▶ [WHAT YOU NEED TO DO] Among the entries below, copy only the span from the line containing "Hi guys, this" through the line containing "We're marking our". Do so exactly, and skip the pictures.

▶ [SOURCE MATERIAL]
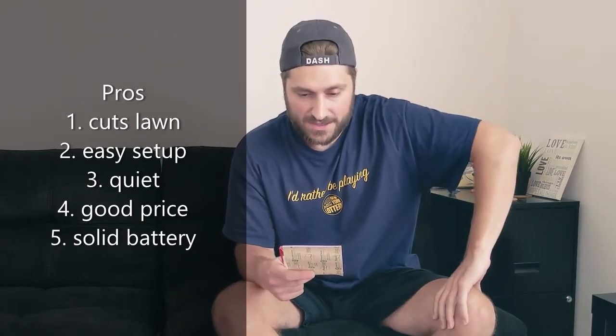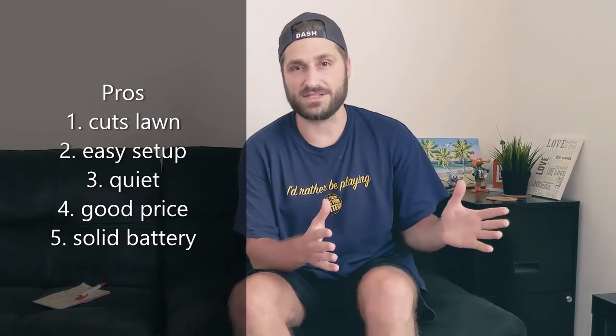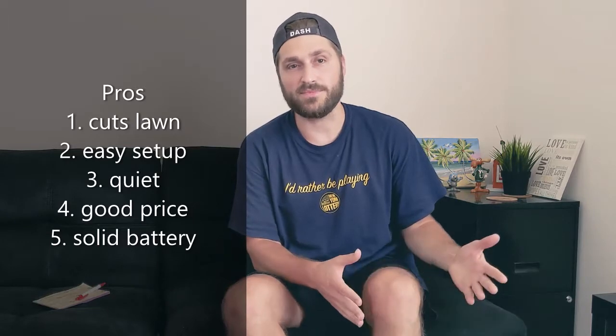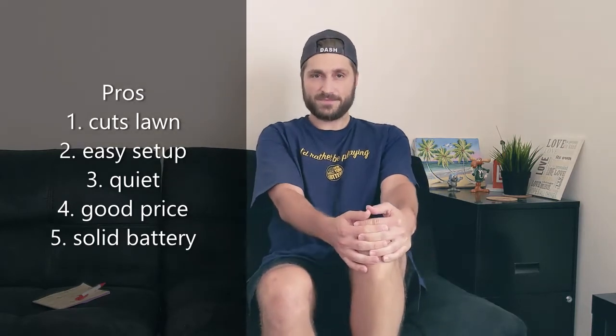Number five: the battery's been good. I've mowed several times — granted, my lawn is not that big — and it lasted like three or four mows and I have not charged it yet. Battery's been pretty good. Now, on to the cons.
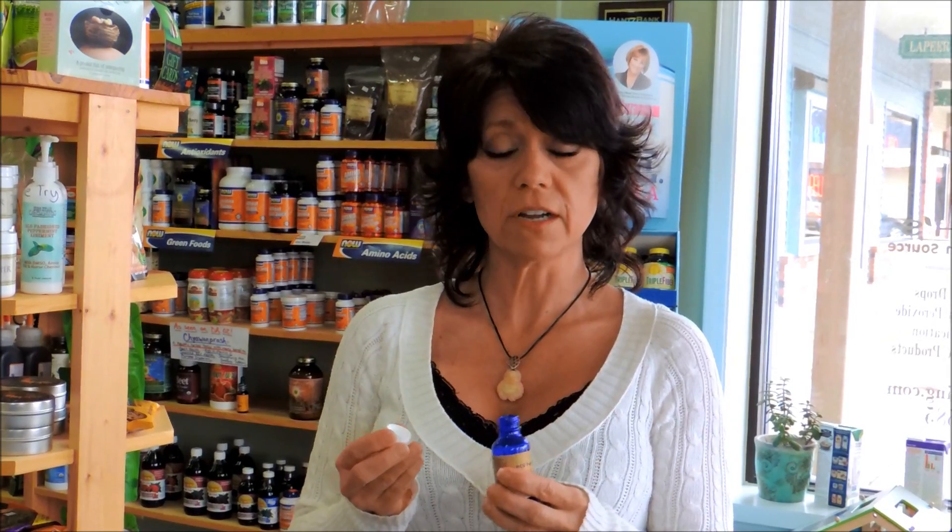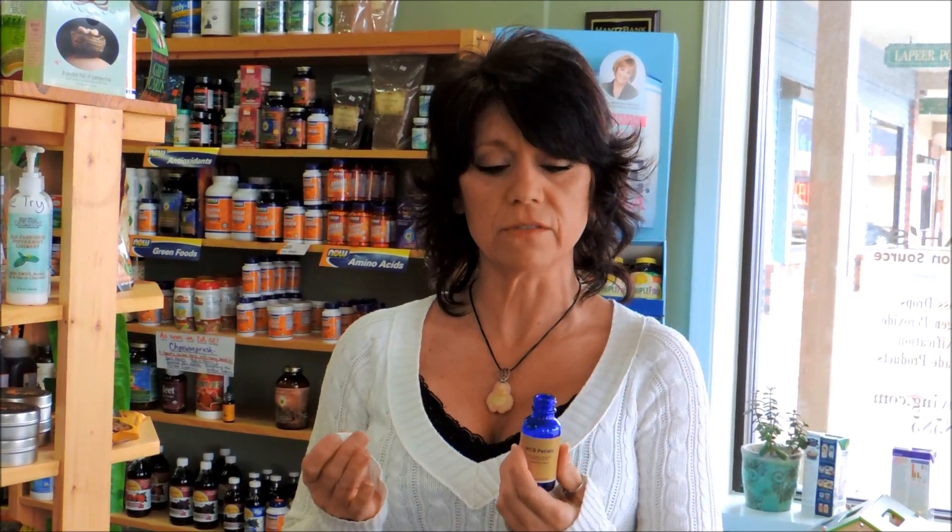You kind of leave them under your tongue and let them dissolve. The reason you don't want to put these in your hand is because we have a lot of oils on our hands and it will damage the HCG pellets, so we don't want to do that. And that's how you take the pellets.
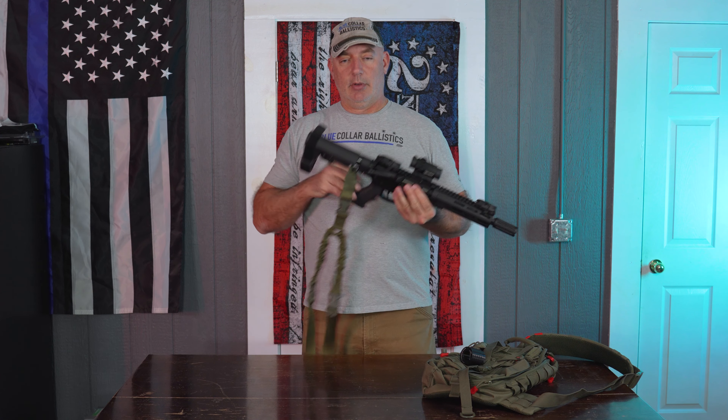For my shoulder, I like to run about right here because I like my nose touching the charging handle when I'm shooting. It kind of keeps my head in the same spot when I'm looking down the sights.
---
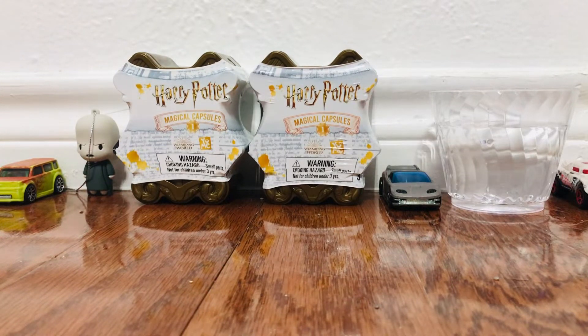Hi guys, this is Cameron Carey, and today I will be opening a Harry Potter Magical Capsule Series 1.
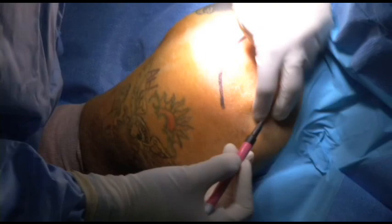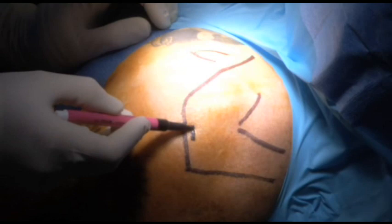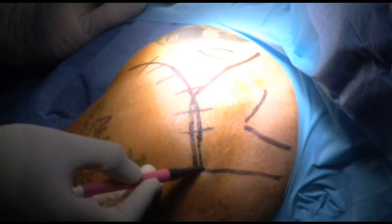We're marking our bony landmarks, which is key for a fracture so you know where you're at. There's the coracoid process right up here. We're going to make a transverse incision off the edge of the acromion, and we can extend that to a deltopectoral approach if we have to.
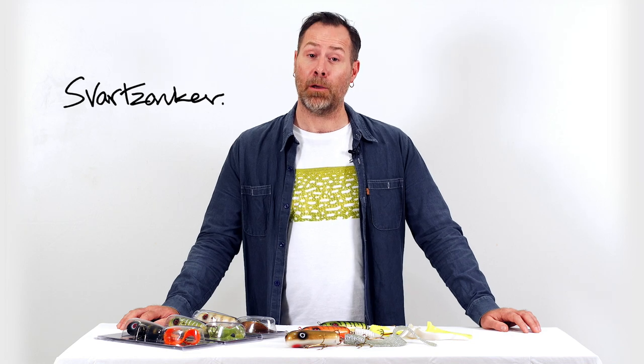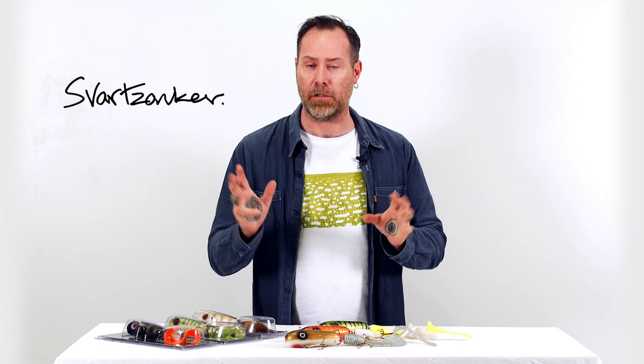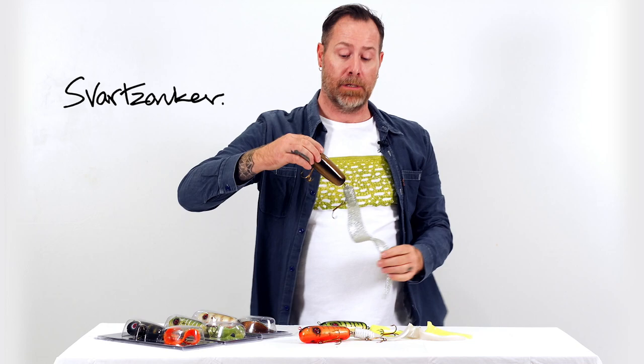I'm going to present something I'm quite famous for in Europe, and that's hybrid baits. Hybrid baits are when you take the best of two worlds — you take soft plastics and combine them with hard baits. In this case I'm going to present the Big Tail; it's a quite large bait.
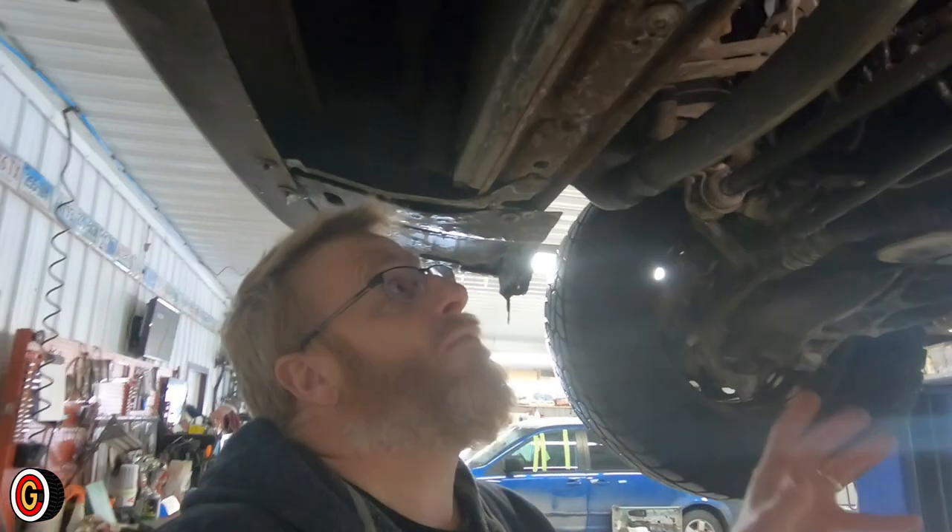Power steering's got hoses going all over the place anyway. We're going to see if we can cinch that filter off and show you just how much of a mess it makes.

▶ [FINISHED EXERCISE]
Hi guys, this is Cameron Carey, and today I will be opening a Harry Potter Magical Capsule Series 1.
We're marking our bony landmarks, which is key for a fracture so you know where you're at. There's the coracoid process right up here. We're going to make a transverse incision off the edge of the acromion, and we can extend that to a deltopectoral approach if we have to.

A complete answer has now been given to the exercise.